En ce qui concerne l’indemnisation de la perte de chance sérieuse d’obtenir le contrat :
- Lorsqu’un candidat à l’attribution d’un contrat public demande la réparation du préjudice né de son éviction irrégulière de ce contrat et qu’il existe un lien direct de causalité entre la faute résultant de l’irrégularité et les préjudices invoqués par le requérant à cause de son éviction, il appartient au juge de vérifier si le candidat était ou non dépourvu de toute chance de remporter le contrat. En l’absence de toute chance, il n’a droit à aucune indemnité. Dans le cas contraire, il a droit en principe au remboursement des frais qu’il a engagés pour présenter son offre. Il convient en outre de rechercher si le candidat irrégulièrement évincé avait des chances sérieuses d’emporter le contrat conclu avec un autre candidat. Si tel est le cas, il a droit à être indemnisé de son manque à gagner, incluant nécessairement, puisqu’ils ont été intégrés dans ses charges, les frais de présentation de l’offre, lesquels n’ont donc pas à faire l’objet, sauf stipulation contraire du contrat, d’une indemnisation spécifique.

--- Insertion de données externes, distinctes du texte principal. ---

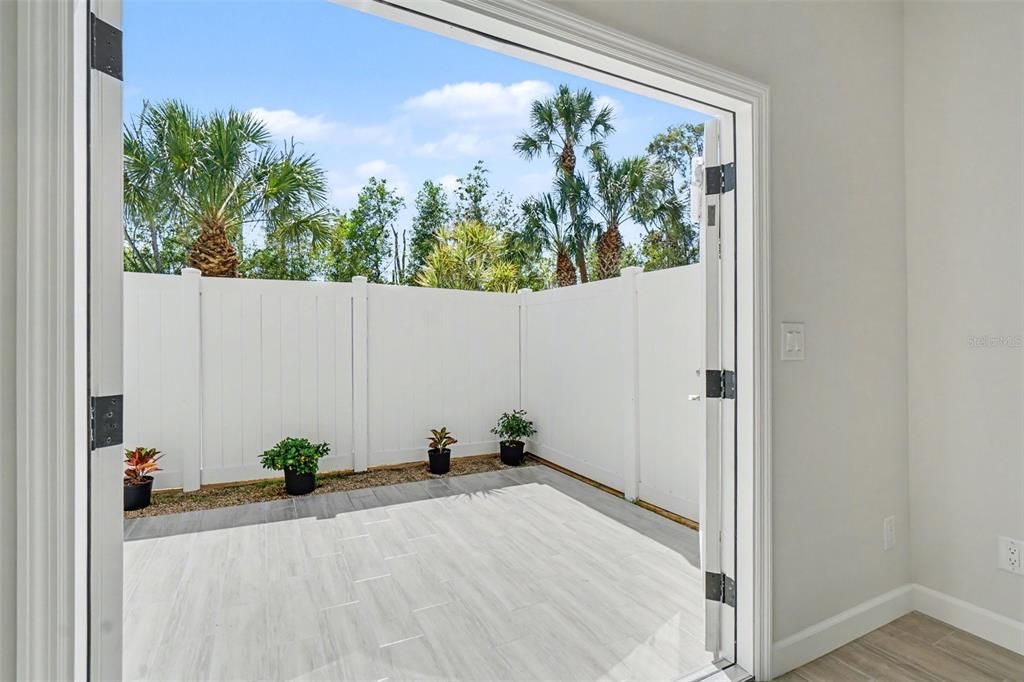 For Sale: $149,900 (2 beds, 2 baths, 814 Square Feet)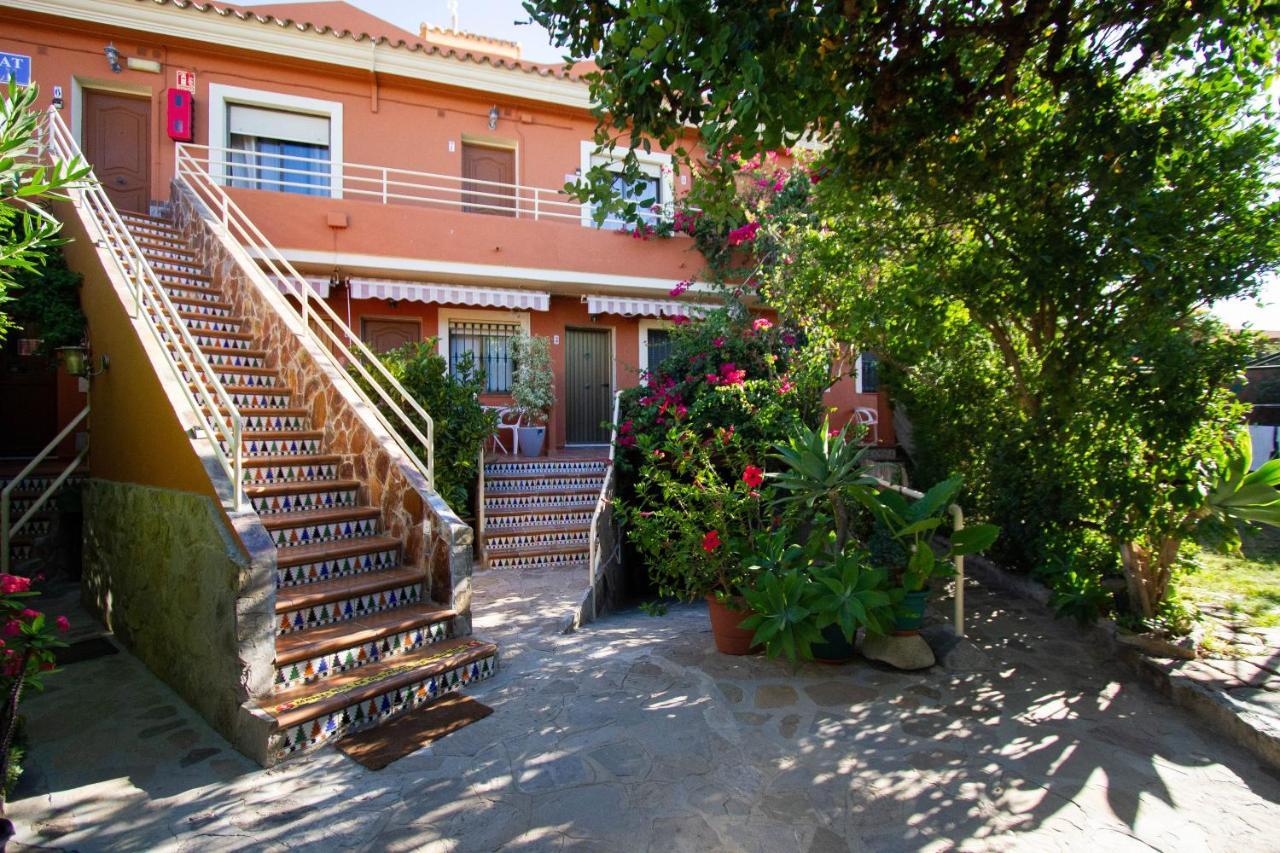 Apartamentos Turisticos Trajano Bolonia Exterior photo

- Pour juger que l’irrégularité de la procédure de passation du marché qu’elle a retenue avait fait perdre à la société Corsica Networks une chance sérieuse d’obtenir le marché et qu’elle était ainsi fondée à demander l’indemnisation de son manque à gagner, la cour administrative d’appel de Marseille a relevé que celle-ci, seule concurrente de la société attributaire, dont l’offre avait été jugée recevable, avait obtenu une note de 13,84 points sur 20 en ce qui concerne le critère de la valeur technique, contre 14,24 pour l’offre de la société NXO France et une note de 16,60 en ce qui concerne le critère du prix, contre 20 pour l’offre de la société NXO France, soit une note pondérée de 15,50 sur 20, contre une note de 17,70 sur 20 accordée à l’attributaire. Puis elle a estimé que dans le cadre d’une procédure dépourvue de tout manquement au principe d’impartialité, la société Corsica Networks aurait, eu égard aux qualités concurrentielles de son offre, disposé de chances sérieuses d’obtenir le marché. En statuant ainsi, la cour administrative d’appel n’a, contrairement à ce que soutient la collectivité de Corse, pas dénaturé les pièces du dossier ni, eu égard au manquement au principe d’impartialité qu’elle a retenu, insuffisamment motivé son arrêt ni commis d’erreur de droit.
- Il résulte de tout ce qui précède que la collectivité de Corse n’est pas fondée à demander l’annulation de l’arrêt attaqué.